◆ **Data block**:

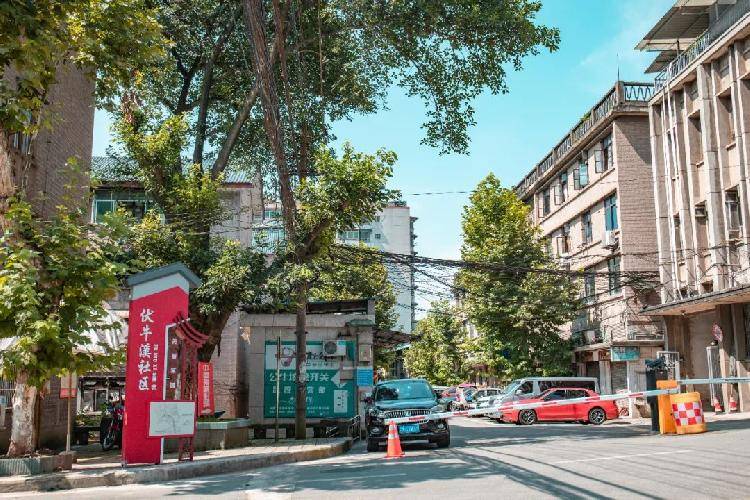 大渡口长征厂 三线建设重要一员变身热门网红打卡地
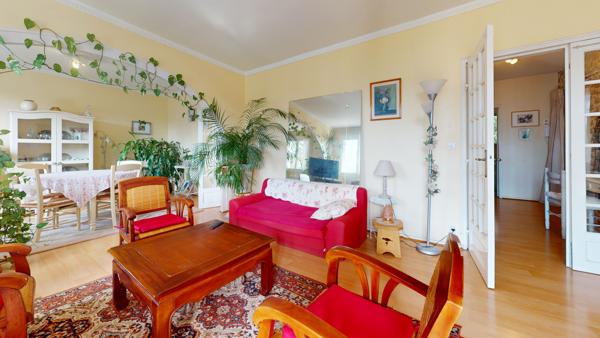 Saint-Cyr-sur-Loire T4 avec balcon, ascenseur, cave et parking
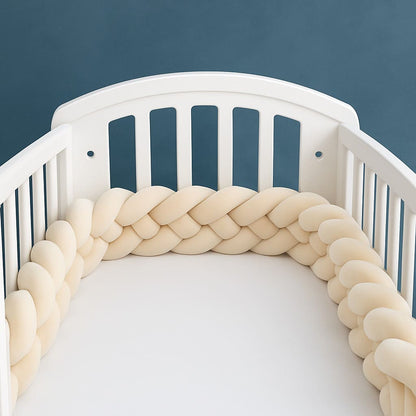 tresse-de-lit-noue-a-quatres-brins-couleur-beige-dans-berceau-blanc-securite-optimale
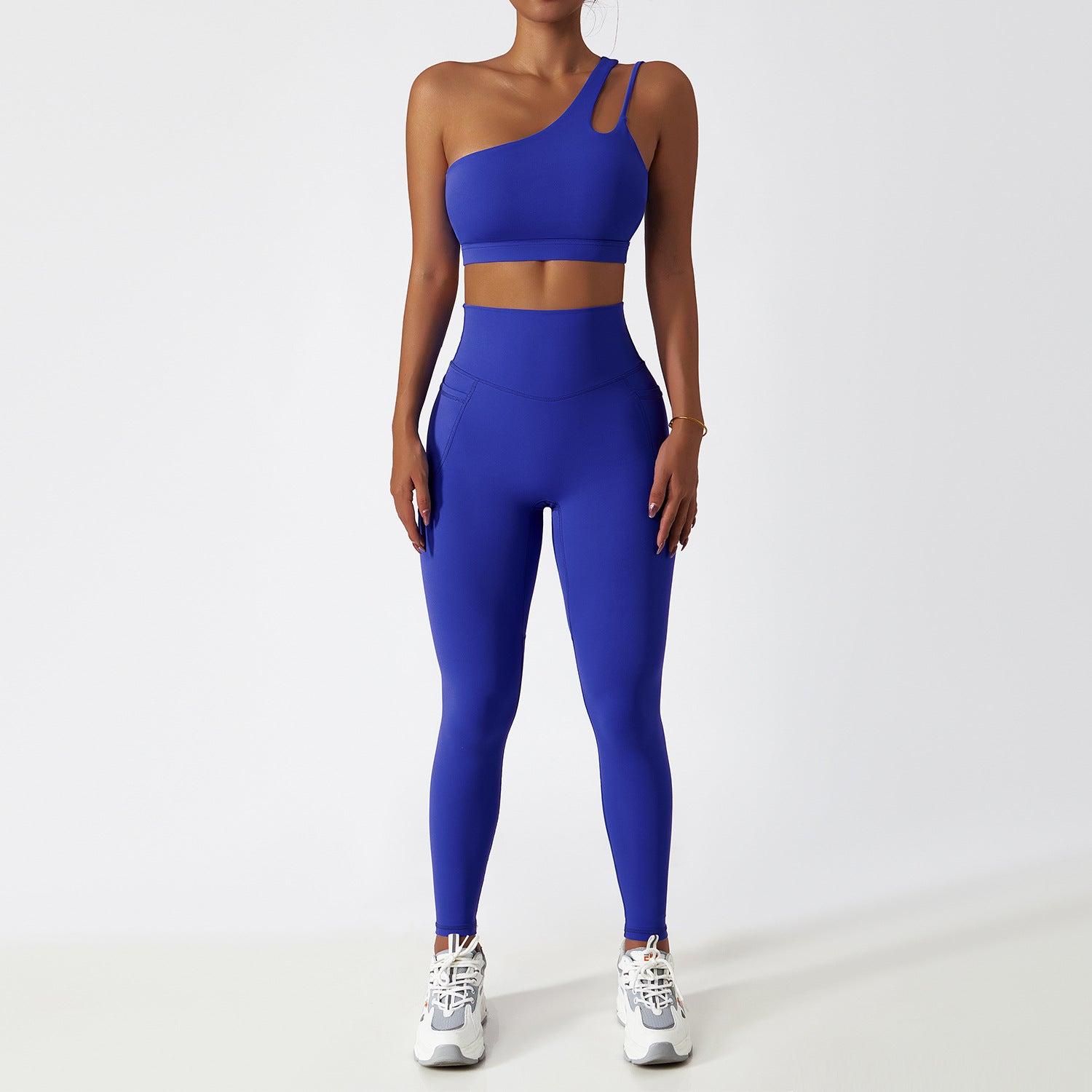 Tight-Fit Yoga Clothes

◆ **Exercise instructions**: Before copying the data, remove the pictures. Then repeat the rest exactly.

◆ **Task result**:
 大渡口长征厂 三线建设重要一员变身热门网红打卡地
 Saint-Cyr-sur-Loire T4 avec balcon, ascenseur, cave et parking
 tresse-de-lit-noue-a-quatres-brins-couleur-beige-dans-berceau-blanc-securite-optimale
 Tight-Fit Yoga Clothes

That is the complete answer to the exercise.